Search the entries for lines that contain the word "ÑÒØÆÇL", and report each one found.

== Material supplied ==
------------

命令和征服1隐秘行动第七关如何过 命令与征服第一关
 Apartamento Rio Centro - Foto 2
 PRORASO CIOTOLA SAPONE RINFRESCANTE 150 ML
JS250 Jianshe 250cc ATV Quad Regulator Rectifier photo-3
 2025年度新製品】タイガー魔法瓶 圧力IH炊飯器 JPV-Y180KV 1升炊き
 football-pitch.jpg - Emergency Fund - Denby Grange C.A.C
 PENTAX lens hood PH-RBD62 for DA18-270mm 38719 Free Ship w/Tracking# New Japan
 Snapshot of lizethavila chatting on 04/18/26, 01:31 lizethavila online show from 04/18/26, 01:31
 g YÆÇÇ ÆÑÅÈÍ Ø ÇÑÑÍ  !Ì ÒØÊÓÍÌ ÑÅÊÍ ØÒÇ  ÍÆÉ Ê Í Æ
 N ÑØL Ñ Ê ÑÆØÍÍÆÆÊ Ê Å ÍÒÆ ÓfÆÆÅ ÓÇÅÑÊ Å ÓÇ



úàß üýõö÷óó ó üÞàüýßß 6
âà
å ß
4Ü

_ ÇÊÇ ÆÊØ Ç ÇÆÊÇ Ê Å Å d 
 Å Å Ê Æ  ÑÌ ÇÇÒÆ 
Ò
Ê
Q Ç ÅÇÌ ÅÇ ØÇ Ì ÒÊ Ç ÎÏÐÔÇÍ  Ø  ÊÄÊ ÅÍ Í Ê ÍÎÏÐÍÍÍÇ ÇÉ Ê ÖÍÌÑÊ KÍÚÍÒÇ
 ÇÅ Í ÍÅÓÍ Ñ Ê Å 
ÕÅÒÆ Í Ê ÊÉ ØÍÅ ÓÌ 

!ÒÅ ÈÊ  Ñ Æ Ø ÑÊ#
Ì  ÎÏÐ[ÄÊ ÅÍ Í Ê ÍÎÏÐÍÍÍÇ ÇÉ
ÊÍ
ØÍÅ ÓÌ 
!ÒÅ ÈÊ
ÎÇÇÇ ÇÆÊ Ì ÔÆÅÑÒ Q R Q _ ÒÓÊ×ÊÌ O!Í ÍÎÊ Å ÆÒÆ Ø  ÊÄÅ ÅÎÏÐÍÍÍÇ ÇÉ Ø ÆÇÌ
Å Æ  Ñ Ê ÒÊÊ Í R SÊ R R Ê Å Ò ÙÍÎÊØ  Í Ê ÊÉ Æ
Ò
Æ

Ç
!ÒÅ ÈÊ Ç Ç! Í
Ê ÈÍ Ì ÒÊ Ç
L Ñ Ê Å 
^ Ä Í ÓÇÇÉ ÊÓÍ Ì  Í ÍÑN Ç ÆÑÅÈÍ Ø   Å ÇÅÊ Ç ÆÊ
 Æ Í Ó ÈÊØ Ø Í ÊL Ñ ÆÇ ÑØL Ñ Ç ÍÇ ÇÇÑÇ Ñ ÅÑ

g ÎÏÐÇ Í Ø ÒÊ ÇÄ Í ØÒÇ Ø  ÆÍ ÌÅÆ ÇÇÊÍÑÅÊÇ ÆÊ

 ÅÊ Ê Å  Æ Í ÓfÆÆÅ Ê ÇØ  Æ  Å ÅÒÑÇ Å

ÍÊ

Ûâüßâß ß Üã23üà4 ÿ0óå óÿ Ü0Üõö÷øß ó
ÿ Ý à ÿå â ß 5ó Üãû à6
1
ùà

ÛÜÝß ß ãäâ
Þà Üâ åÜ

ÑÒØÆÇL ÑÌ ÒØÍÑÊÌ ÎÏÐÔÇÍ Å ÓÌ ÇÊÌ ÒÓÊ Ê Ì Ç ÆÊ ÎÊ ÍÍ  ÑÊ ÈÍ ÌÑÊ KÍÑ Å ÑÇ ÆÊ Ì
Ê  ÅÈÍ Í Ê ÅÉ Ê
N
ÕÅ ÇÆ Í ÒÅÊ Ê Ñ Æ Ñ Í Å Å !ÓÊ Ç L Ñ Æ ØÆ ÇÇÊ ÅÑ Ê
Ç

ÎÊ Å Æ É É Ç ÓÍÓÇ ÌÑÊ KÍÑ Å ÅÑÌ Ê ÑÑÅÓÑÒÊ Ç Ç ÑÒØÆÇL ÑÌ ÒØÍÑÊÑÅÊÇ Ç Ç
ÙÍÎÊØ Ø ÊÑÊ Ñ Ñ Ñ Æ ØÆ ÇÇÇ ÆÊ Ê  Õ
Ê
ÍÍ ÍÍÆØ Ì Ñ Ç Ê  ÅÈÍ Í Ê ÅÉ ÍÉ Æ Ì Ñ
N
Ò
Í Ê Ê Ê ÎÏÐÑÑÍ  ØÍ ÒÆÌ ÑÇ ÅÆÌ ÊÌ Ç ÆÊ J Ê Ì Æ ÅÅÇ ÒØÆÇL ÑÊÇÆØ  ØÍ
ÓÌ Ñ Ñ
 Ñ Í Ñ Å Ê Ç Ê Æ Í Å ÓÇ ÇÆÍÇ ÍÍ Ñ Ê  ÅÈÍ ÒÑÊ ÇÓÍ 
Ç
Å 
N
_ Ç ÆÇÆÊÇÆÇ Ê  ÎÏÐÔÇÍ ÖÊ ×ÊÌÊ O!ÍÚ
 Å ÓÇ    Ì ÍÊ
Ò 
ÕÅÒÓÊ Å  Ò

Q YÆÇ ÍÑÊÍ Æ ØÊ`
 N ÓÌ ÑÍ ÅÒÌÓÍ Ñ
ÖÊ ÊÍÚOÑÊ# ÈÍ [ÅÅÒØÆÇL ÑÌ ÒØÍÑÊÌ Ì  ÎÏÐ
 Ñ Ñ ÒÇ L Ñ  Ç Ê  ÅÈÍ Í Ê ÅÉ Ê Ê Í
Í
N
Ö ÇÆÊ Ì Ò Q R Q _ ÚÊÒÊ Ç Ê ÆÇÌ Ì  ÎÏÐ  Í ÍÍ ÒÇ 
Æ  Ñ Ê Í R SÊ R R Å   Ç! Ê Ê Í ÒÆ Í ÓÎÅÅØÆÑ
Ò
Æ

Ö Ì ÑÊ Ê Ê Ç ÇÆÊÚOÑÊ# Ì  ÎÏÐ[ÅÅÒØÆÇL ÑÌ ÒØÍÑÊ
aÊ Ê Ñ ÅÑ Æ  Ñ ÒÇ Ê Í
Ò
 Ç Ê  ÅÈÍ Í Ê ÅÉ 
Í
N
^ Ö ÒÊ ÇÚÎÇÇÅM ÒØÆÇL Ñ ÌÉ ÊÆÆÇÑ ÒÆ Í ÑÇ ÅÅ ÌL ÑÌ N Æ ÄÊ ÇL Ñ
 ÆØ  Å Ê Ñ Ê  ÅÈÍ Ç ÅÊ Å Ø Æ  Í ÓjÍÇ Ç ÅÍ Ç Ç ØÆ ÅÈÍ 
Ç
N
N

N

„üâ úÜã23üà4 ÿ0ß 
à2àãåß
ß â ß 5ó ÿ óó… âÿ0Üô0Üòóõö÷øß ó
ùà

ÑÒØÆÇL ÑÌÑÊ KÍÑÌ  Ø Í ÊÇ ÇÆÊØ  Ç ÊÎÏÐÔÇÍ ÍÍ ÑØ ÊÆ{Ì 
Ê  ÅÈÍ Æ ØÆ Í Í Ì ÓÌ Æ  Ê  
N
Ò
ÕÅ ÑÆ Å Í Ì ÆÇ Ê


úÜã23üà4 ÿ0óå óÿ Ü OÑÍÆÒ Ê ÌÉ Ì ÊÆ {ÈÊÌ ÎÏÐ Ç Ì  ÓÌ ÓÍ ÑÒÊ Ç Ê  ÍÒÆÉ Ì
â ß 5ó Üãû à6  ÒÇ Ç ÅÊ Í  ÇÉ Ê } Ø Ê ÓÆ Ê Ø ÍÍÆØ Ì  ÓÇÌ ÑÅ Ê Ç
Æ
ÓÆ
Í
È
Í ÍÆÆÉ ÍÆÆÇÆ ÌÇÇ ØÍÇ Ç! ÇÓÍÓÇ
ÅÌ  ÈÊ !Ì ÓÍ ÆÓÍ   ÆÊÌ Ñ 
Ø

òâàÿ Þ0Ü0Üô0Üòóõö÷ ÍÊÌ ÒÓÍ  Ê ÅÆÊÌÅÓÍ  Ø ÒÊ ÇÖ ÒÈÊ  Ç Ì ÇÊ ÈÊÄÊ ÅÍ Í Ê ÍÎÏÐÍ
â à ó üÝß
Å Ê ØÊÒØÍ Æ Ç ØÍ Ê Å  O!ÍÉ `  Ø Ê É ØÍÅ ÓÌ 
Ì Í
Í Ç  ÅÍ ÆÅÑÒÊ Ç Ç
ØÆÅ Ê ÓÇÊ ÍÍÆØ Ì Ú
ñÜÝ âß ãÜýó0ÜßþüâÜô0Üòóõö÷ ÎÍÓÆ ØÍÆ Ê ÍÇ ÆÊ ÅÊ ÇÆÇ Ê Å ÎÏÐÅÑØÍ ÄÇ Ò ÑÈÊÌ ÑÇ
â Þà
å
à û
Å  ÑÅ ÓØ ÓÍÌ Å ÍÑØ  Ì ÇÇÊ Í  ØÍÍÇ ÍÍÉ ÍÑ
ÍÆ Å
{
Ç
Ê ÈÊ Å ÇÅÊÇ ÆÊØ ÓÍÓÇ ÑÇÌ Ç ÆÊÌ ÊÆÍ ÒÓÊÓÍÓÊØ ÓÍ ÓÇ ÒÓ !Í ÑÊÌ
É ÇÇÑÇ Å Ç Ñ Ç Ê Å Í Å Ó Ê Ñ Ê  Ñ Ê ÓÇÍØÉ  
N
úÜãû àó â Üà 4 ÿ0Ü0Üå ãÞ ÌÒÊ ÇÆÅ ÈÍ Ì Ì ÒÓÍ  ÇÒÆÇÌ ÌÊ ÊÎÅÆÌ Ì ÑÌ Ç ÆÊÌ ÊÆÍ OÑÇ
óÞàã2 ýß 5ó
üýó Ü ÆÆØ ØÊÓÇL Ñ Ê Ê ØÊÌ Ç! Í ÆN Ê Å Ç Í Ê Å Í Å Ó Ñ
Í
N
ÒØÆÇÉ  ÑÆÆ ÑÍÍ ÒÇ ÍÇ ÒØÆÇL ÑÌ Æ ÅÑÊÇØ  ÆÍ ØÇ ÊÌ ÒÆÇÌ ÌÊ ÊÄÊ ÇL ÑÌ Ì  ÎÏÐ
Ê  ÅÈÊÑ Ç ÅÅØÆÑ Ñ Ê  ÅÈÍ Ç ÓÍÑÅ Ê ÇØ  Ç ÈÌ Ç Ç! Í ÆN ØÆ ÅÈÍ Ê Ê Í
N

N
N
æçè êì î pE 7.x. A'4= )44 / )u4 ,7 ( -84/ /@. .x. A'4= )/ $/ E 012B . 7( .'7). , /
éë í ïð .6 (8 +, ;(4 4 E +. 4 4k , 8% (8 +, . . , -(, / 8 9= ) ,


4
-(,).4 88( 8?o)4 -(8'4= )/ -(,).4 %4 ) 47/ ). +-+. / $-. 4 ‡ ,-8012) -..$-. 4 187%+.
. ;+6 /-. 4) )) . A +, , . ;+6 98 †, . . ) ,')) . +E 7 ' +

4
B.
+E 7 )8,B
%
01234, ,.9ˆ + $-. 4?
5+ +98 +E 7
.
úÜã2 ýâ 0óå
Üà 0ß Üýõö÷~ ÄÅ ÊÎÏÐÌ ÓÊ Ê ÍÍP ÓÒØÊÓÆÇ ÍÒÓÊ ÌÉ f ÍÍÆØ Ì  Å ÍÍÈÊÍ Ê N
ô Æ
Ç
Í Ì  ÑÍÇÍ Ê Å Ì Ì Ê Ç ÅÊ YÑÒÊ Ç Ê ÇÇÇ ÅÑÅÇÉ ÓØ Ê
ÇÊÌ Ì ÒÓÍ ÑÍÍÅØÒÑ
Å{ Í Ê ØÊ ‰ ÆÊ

------------

== Solved problem ==
ÑÒØÆÇL ÑÌ ÒØÍÑÊÌ ÎÏÐÔÇÍ Å ÓÌ ÇÊÌ ÒÓÊ Ê Ì Ç ÆÊ ÎÊ ÍÍ  ÑÊ ÈÍ ÌÑÊ KÍÑ Å ÑÇ ÆÊ Ì
ÎÊ Å Æ É É Ç ÓÍÓÇ ÌÑÊ KÍÑ Å ÅÑÌ Ê ÑÑÅÓÑÒÊ Ç Ç ÑÒØÆÇL ÑÌ ÒØÍÑÊÑÅÊÇ Ç Ç
ÑÒØÆÇL ÑÌÑÊ KÍÑÌ  Ø Í ÊÇ ÇÆÊØ  Ç ÊÎÏÐÔÇÍ ÍÍ ÑØ ÊÆ{Ì 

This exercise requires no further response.